With Patriot Act power, Bush and Ashcroft try to conquer the legal system

The PATRIOT Act’s many repressive measures — which also include authorizing warrantless break-ins and limiting judicial scrutiny over wiretaps, among others — received such wide attention when the bill was passed that it has become shorthand for a whole range of administration strategies. But the dangers go beyond the PATRIOT Act itself.

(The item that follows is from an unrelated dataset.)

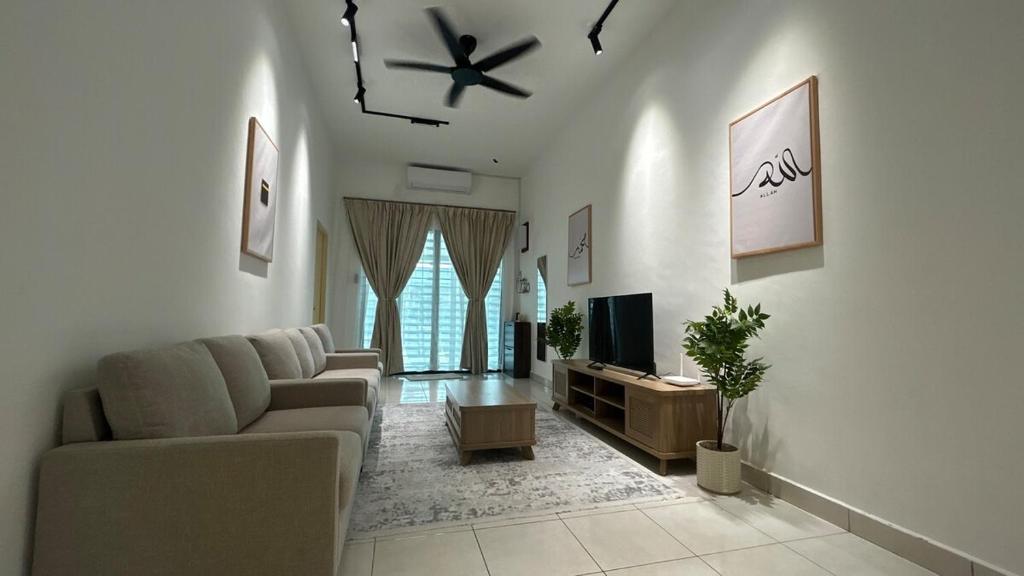 a living room with a couch and a tv at Zahran Homestay in Papar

Increasingly, for instance, the Justice Department has turned grand juries into tools for intelligence gathering and coercing suspects, rather than for simply evaluating indictments. In several cases — such as that of computer scientist Mike Hawash in Portland — the Justice Department has used “material witness” warrants to justify an otherwise illegal detention. Hawash was arrested on March 20 and detained for five weeks without charge, with all evidence in his case deemed secret. He never testified before a grand jury. When a furious federal judge ordered his release, the government charged Hawash with “conspiracy to levy war against the United States,” attaching his name to a broader Portland indictment. Ashcroft’s Justice Department has detained other grand-jury “witnesses” for more than a year without charge, and in at least one case extracted a confession from one of those “material witnesses” later proved to be utterly false. Beyond the abuse of the material-witness law itself, the use of coercive grand juries evokes an ugly past. Coercive grand juries were a staple of 1960s investigations into the student and feminist movements and have long since been abandoned.

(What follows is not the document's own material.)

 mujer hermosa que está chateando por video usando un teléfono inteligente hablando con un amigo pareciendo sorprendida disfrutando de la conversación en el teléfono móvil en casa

Strikingly, the Bush Justice Department’s attack on civil liberties leaves it not only isolated from abroad — even Iraq war allies Britain and Australia have voiced protest at the confinement of their citizens at Guantánamo — but from local officials at home. The National Immigration Forum recently released a report with a 14-page list of local police chiefs, sheriffs and other law-enforcement leaders who object to the Bush administration’s demand that they become frontline enforcers of immigration law. More than 100 municipalities have passed resolutions pledging varying degrees of noncooperation with intrusive USA PATRIOT Act provisions. Indeed, Ashcroft himself conceded that “We do not believe that the Justice Department is in a position to mandate that the local police enforce the federal laws.”

All of this suggests that even with support for President Bush generally high, unease over the PATRIOT Act and its progeny is substantial, bringing the possibility that Ashcroft himself will become a flashpoint in the presidential elections. Americans, Representative Bill Delahunt told the attorney general, “feel that the government is intent on prying into every nook and cranny of people’s private lives, while, at the same time, doing all it can to block access to government information that would inform the American people as to what is being done in their name.”

The book is by no means closed on whether the court system will sustain stretching the boundaries of investigation this much. The 2nd Circuit Court of Appeals, in early June, agreed to a speedy decision of Jose Padilla’s “enemy combatant” status. More than anything, the July 5 Judiciary Committee hearing, along with the inspector general’s report and other recent events, made clear the contradictory reality of the post–September 11 civil-liberties crisis. On the one hand, never before in American history have an attorney general and president moved so swiftly to unleash and centralize surveillance and secrecy.

At the same time, it is clear that it is a dangerous mistake to think of Ashcroft and the PATRIOT Act as simply a reincarnation of McCarythyism and COINTELPRO, the FBI’s notorious surveillance-and-disruption program of the 1960s. McCarthyism and the Red Scare swept broadly over the nation’s political culture, victimizing teachers, artists and union officials. Ashcroftism — at least so far — has far more narrowly targeted immigrant communities, and while administration-friendly, right-wing broadcast hosts tried to rouse hysterical attacks against anti-war protesters, those attacks had little traction. COINTELPRO enjoyed the enthusiastic support not only of the FBI but also of the broader federal bureaucracy, backed by local Red squads.

Ashcroft’s surveillance state, by comparison, has met unanticipated resistance within the federal bureaucracy — those leaks and court rulings, that inspector general’s report, growing congressional resentment. And it has often been rejected outright by local officials. Instead of a populist witch-hunt, Ashcroftism is mired in the Bush administration’s determination to stand above the scrutiny of courts, the oversight of Congress and the authority of local government and law enforcement. In that, it comes closer to an executive-branch coup than anything since Roosevelt tried packing the Supreme Court.